U.S. Federal Reserve Chairman Ben S. Bernanke said last week that the central bank can take steps to sustain a recovery that’s “close to faltering.” Employers added 103,000 workers to payrolls in September and the unemployment rate held at 9.1 percent, the Washington-based Labor Department said Oct. 7.
The bond market indicator that has predicted every U.S. recession since 1970 now shows that the economy has a 60 percent chance of contracting within 12 months. The so-called Treasury yield curve, adjusted for distortions caused by the Fed’s record low zero to 0.25 percent target interest rate for overnight loans between banks, shows that two-year notes yield 20 basis points, or 0.20 percentage point, less than five-year notes, according to Bank of America Corp. research.
Alcoa Inc., the largest U.S. aluminum producer, is the most shorted stock in the Dow Jones Industrial Average with bearish bets making up 4.4 percent of the New York-based company’s shares available for trading, according to Data Explorers. Pfizer Inc. and General Electric Co. had the biggest increases in short interest last month among companies listed on the New York Stock Exchange.
Short selling, where traders borrow shares and sell them, hoping for a decline, is increasing even as equities approach the cheapest valuations on record. The MSCI All-Country World trades at 11.8 times reported profit, compared with 11.9 in the five months after Lehman’s collapse. The measure’s average price-earnings ratio since 1995 is 21, data tracked by Bloomberg show.

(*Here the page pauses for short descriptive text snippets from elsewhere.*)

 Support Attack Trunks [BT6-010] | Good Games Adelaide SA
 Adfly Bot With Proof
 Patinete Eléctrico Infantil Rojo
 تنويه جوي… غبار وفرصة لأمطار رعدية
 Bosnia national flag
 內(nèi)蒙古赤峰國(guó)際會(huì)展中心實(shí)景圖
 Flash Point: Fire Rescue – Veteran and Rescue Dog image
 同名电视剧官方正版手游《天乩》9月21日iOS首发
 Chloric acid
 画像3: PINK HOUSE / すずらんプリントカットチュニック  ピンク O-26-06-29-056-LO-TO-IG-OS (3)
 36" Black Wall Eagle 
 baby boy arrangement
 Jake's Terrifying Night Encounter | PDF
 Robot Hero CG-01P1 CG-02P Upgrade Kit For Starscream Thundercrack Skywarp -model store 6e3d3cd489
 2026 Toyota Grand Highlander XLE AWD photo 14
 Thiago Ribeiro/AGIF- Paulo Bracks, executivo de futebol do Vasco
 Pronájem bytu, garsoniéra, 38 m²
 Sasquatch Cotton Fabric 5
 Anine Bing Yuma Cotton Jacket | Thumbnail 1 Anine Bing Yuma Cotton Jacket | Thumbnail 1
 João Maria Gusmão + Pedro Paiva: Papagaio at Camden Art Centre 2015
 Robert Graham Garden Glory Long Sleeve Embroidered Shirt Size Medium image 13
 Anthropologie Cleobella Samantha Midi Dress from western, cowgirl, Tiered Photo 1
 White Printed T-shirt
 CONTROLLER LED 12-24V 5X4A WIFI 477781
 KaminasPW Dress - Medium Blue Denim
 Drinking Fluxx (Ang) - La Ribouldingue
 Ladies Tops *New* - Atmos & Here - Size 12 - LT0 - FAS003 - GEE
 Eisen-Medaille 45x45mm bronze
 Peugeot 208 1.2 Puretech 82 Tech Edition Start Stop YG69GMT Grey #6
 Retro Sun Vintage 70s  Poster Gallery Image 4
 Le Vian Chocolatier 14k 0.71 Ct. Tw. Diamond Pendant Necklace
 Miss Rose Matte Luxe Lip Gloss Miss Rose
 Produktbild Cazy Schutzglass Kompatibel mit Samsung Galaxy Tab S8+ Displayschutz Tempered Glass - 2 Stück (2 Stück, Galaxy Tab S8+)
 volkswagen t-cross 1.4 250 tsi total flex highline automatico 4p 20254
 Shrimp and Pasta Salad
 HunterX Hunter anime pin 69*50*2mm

European stocks fell the most last quarter among the world’s biggest equity markets, with the DAX Index of German shares and France’s CAC-40 Index each losing 25 percent. Finance leaders have clashed over how to prevent Greece from defaulting on its debt, spurring concern that losses may engulf banks in France and Italy.
Angela Merkel and Nicolas Sarkozy gave themselves three weeks yesterday to devise a plan to recapitalize banks, get Greece on the right track and fix Europe’s economic governance. Merkel said European leaders will do “everything necessary” to ensure that banks have enough capital. Sarkozy said they would deliver a plan by the Nov. 3 Group of 20 summit.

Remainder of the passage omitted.